The Republican Party holds itself out as the anti-tax party. If nothing else, the GOP believes that calling for tax cuts is the sure path to electoral success. But as W. S. Gilbert wrote, things are seldom what they seem. The Republican record on taxes is nothing to brag about. Even the vaunted Reagan years, which brought a cut in income tax, raised other taxes, such as the Social Security tax, year after year. And the great tax simplification movement of 1986 actually made the tax code more complex. The same can be said for the 1997 changes.
The Republicans have now opened another front in their wimpy war on taxation: the Internal Revenue Service. The party is now bent on exploiting the victims of the IRS for its own political benefit. Why call it exploitation? Because the Republicans refuse to face what must be done if they really want to get the IRS off the backs of the American people. To complain about the IRS and not really do anything about it is hypocrisy.
Yet, the GOP knows a hot election issue when it sees one. Frank Luntz, the Republican strategist, has told the party that “nothing guarantees more applause and more support than the call to abolish the Internal Revenue Service.” The issue, he said, is a “political winner.”
As noted, the Republicans are as much responsible for making the tax code impossible to understand as the Democrats. Complexity is a major reason why people get in trouble with the IRS. Every adult walking down the street has most probably violated the tax code in some way. The authorities know that. That makes for an unattractive relationship between citizen and state in a free country.
But complexity is not the only reason people get in trouble. Taxes on income raise over a trillion dollars a year. The government’s appetite for cash is unlimited: it does little more today than transfer money from those who produce it to those who don’t. That’s how politicians stay in power. If the money doesn’t come in, they have nothing to do. So over the years they have given the IRS a mandate to get the money almost at any cost. The protections of liberty that apply to other parts of the law are close to nonexistent in the tax law.

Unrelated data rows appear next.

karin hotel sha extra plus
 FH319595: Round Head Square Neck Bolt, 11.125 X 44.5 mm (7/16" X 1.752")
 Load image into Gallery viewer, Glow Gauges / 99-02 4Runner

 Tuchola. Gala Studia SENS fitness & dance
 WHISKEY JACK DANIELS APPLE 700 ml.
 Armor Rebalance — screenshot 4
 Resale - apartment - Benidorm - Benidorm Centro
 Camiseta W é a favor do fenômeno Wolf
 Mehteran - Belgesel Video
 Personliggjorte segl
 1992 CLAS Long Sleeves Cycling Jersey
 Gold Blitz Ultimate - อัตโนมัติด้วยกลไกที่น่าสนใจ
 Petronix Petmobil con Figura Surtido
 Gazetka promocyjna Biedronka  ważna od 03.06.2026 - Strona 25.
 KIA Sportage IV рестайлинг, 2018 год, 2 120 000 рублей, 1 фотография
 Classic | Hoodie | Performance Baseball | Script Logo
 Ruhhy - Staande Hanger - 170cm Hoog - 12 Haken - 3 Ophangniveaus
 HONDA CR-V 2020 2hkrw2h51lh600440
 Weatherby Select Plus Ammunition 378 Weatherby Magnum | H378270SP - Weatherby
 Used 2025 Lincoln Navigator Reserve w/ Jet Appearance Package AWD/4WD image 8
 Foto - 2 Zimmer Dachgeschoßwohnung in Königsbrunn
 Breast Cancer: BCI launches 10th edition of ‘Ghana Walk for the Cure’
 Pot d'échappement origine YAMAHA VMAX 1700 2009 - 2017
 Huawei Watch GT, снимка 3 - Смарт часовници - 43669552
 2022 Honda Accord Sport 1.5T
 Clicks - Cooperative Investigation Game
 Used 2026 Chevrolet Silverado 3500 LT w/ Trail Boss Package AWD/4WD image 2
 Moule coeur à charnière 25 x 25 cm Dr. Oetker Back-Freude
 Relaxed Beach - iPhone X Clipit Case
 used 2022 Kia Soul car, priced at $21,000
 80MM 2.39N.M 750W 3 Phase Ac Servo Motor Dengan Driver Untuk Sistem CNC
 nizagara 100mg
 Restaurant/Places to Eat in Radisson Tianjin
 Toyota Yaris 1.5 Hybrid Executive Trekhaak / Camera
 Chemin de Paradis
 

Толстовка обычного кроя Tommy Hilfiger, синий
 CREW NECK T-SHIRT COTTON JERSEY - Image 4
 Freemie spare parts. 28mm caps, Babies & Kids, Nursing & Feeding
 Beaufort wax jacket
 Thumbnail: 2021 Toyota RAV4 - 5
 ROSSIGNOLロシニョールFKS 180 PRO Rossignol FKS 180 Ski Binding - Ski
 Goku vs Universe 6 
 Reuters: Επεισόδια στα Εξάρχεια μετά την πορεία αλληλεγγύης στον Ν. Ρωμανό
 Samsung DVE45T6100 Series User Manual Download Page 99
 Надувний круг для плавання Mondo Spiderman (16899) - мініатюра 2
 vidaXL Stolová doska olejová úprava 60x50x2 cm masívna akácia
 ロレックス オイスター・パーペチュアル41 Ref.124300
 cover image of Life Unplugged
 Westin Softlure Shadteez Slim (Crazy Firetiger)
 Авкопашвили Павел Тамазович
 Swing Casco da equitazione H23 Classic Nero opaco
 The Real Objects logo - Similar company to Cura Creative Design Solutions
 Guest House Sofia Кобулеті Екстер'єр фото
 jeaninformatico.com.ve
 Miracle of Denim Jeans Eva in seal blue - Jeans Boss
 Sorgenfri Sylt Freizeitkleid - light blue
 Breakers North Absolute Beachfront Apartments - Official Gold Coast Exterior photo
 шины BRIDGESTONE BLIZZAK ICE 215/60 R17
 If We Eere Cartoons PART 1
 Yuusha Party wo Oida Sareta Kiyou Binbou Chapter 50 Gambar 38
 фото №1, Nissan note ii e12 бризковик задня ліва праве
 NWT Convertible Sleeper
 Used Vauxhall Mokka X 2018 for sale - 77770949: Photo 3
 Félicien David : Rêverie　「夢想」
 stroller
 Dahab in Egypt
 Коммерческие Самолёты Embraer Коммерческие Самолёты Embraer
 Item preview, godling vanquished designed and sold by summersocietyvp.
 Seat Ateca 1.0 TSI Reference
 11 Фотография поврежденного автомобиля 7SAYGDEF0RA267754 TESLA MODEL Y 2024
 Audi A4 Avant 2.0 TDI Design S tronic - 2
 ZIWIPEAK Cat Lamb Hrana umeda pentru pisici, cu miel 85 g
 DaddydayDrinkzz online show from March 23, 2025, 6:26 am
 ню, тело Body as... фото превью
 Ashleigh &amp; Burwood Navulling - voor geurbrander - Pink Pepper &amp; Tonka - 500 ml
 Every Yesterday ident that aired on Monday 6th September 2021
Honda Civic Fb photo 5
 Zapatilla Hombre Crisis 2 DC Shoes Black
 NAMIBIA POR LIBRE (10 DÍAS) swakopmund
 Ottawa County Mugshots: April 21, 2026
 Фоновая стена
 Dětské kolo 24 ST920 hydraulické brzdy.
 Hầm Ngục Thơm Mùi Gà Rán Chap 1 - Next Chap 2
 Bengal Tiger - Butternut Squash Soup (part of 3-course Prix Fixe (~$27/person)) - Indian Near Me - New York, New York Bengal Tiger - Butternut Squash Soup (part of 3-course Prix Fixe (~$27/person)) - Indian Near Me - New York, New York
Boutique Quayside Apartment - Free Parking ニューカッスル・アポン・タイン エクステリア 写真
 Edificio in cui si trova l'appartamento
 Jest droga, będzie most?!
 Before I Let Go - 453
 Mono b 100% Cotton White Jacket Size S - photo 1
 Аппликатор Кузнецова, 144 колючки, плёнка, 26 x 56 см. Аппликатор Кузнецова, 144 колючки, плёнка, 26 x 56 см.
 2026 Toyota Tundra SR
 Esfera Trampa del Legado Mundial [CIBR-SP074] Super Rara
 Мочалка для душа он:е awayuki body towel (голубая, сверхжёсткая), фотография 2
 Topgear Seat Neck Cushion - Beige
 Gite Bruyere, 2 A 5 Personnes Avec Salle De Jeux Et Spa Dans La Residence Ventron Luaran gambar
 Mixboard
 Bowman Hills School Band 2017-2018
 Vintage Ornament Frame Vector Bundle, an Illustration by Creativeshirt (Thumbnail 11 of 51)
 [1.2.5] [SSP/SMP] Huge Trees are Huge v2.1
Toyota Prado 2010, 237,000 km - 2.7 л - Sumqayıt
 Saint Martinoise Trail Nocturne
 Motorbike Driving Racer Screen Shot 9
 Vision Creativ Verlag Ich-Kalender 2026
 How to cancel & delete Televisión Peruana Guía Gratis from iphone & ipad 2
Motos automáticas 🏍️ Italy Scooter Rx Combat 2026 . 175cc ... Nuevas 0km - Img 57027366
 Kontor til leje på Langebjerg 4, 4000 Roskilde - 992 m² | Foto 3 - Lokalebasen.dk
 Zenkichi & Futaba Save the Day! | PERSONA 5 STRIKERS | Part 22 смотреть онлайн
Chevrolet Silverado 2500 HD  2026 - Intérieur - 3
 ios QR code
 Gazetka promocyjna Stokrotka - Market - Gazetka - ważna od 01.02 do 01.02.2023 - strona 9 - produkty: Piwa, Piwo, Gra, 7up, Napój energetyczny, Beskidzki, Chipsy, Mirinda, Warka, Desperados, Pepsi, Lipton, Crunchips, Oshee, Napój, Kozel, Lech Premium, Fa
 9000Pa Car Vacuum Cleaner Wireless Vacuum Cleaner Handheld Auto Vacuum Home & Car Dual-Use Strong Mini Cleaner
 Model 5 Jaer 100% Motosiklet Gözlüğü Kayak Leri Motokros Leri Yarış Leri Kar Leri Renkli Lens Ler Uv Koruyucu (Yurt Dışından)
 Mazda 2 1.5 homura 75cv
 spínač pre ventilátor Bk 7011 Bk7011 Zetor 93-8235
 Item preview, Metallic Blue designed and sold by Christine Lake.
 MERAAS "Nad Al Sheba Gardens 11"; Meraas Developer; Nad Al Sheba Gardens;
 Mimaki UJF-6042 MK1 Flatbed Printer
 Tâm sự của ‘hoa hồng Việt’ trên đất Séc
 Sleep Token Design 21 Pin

That won’t change much as long as the national government tries to raise over a trillion dollars. In practice, the income tax is the most onerous tax, and for that reason alone, it should be repealed. But any tax designed to raise that much money will be a burden on the people, and the tax authorities will have to play hardball to get it. After all, most people don’t really like turning over a major part of their earnings to government, no matter what form the tax takes.
The national government would not have to raise a trillion dollars if it weren’t in the transfer business, in other words, if it weren’t trying to run a welfare state. We might be tempted to say that if citizens didn’t demand welfare-state programs, the government wouldn’t supply them. But that is not entirely true. The people who make careers out of proposing and running those programs have an interest in foisting them on the rest of us. Moreover, most people might be willing to see the whole structure disappear if they knew how much money it would save them. The vast bulk of people who benefit a little from one or two programs don’t realize that they are paying much more for everyone else’s benefits. They’d be way ahead if the transfer machine were just shut down.
Does the Republican Party have a good record in cutting back the power of government? The question is laughable. The latest budget from the majority GOP increased domestic spending by $70 billion in the first year alone — more than the Democrat in the White House asked for.
A party with a spending record like that should not be believed when it says it will save us from the tax man.